(Data items)
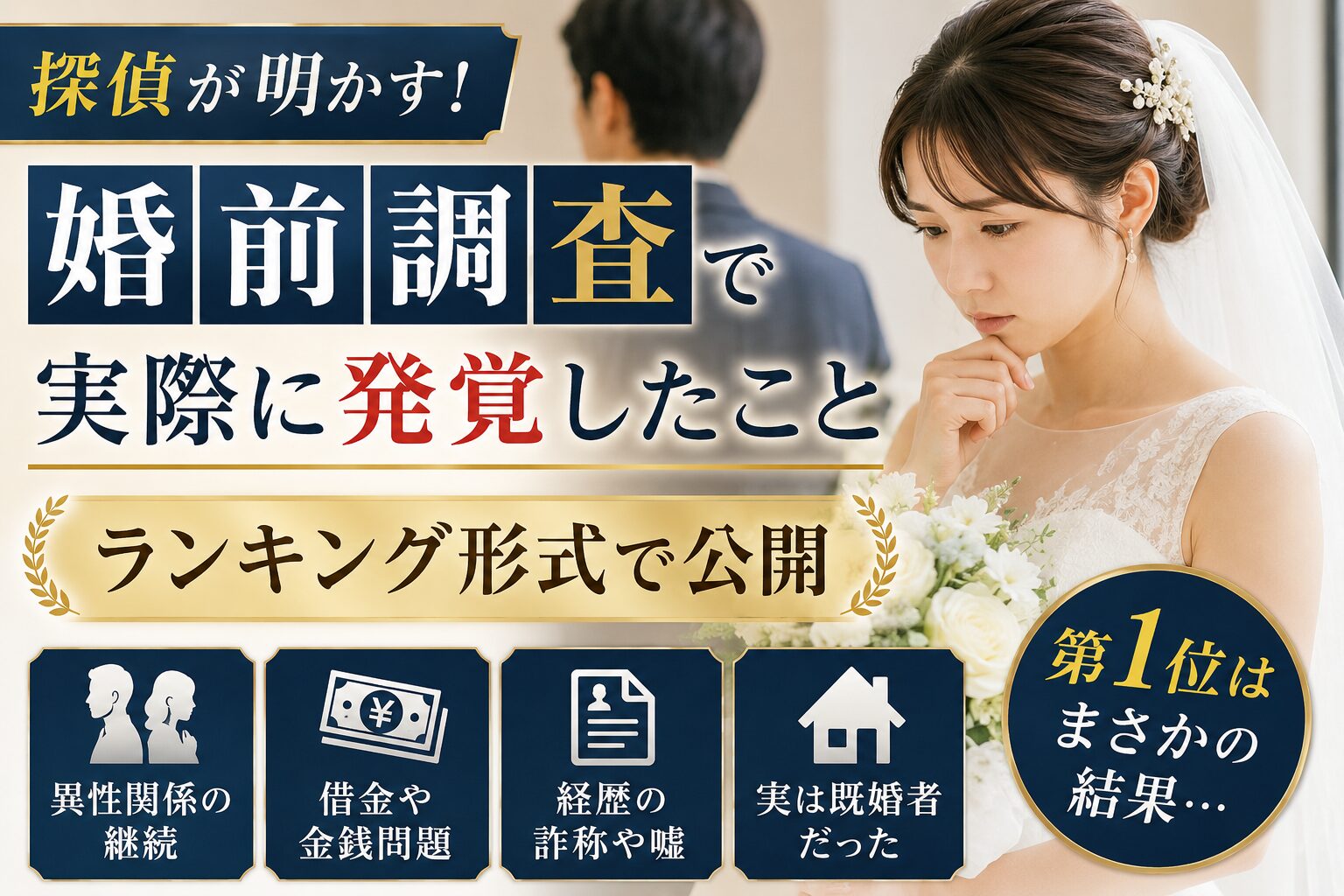 婚約を控えた日本人女性が将来への不安を抱えながら考え込む姿と、背景に見える婚約者のシルエット。結婚前に確認しておきたい異性関係・借金問題・経歴詐称・既婚者利用など、婚前調査で実際に発覚するケースをテーマにした写真風アイキャッチ画像。
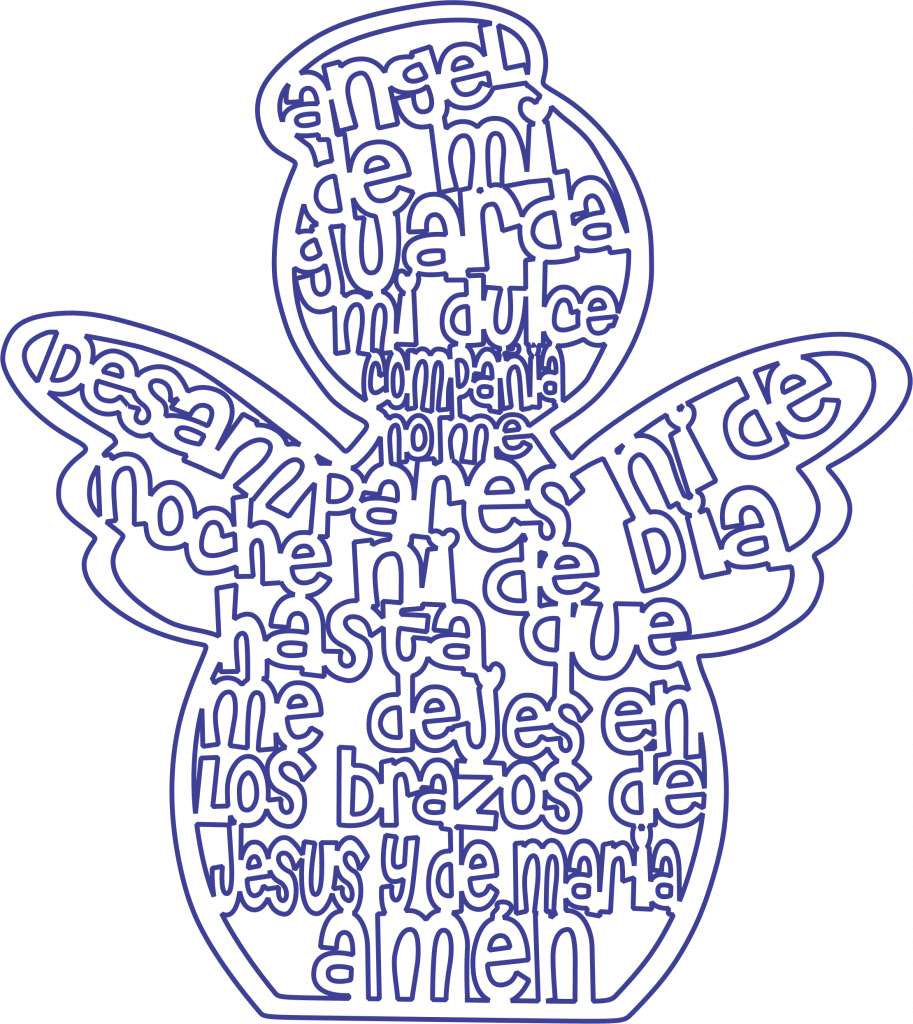 Silueta de ángel con oración — vector para corte CNC
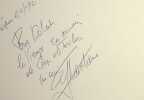 Page d'album avec d&eacute;dicace autographe sign&eacute;e. Guy Marchand (1937-2023), acteur, chanteur, musicien, &eacute;crivain. 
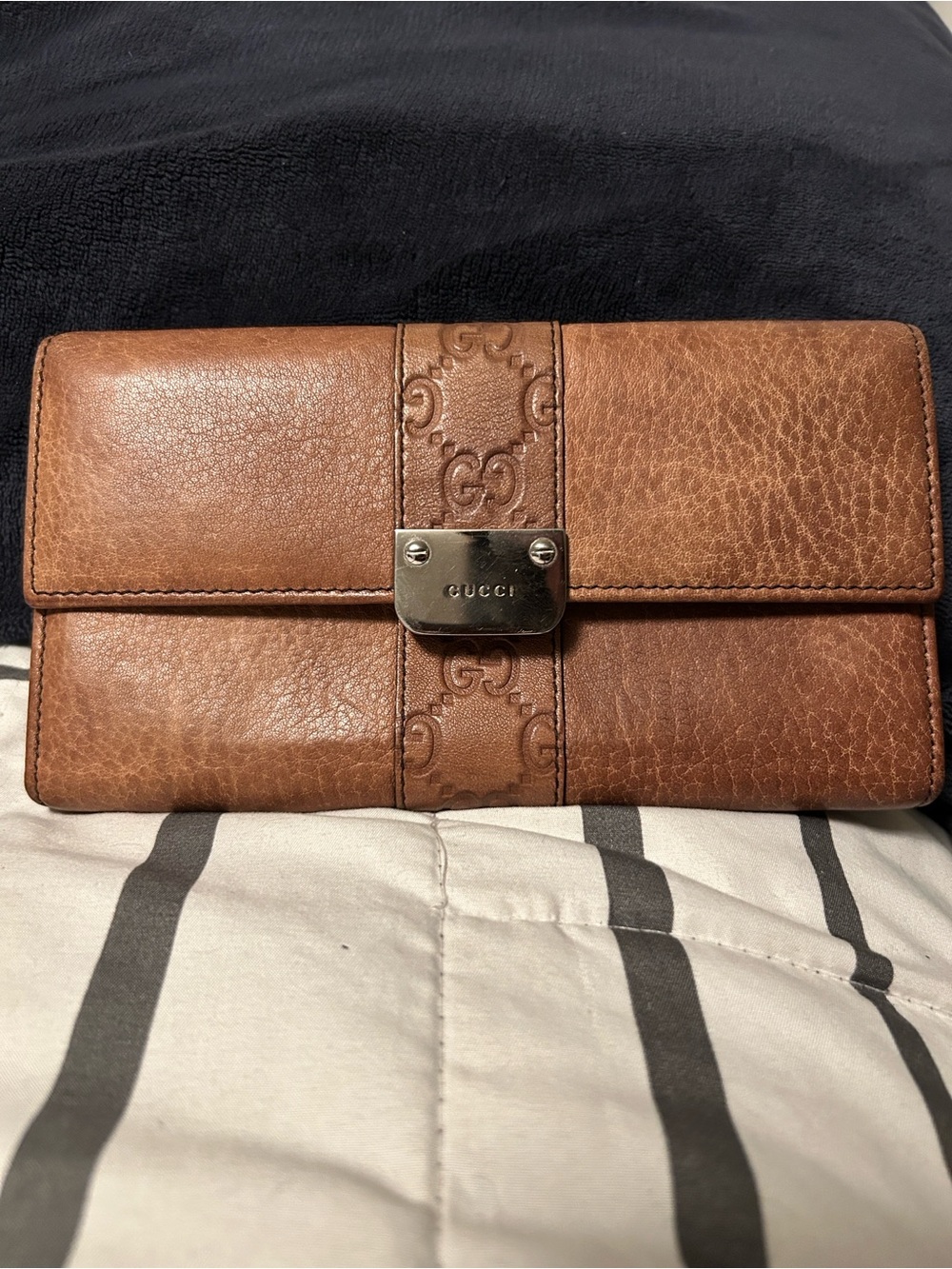 Gucci Tan/Brown Leather Embossed Continental Wallet with Metal Plate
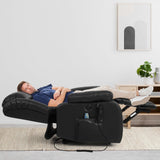 MAEVIS Power Recliner Chair, Lay Flat Sleeping Lift Chairs Recliner for Elderly with Heat and Massage,Comfy Real Breathable Leather Recliners with Dual OKIN Motor for Living Room (Black) MAEVIS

| Problem description |
The lines to retype run from the one containing "Gucci Tan/Brown Leather" through the last line of the records above; write them exactly and skip the pictures.

| Expected answer |
 Gucci Tan/Brown Leather Embossed Continental Wallet with Metal Plate
 MAEVIS Power Recliner Chair, Lay Flat Sleeping Lift Chairs Recliner for Elderly with Heat and Massage,Comfy Real Breathable Leather Recliners with Dual OKIN Motor for Living Room (Black) MAEVIS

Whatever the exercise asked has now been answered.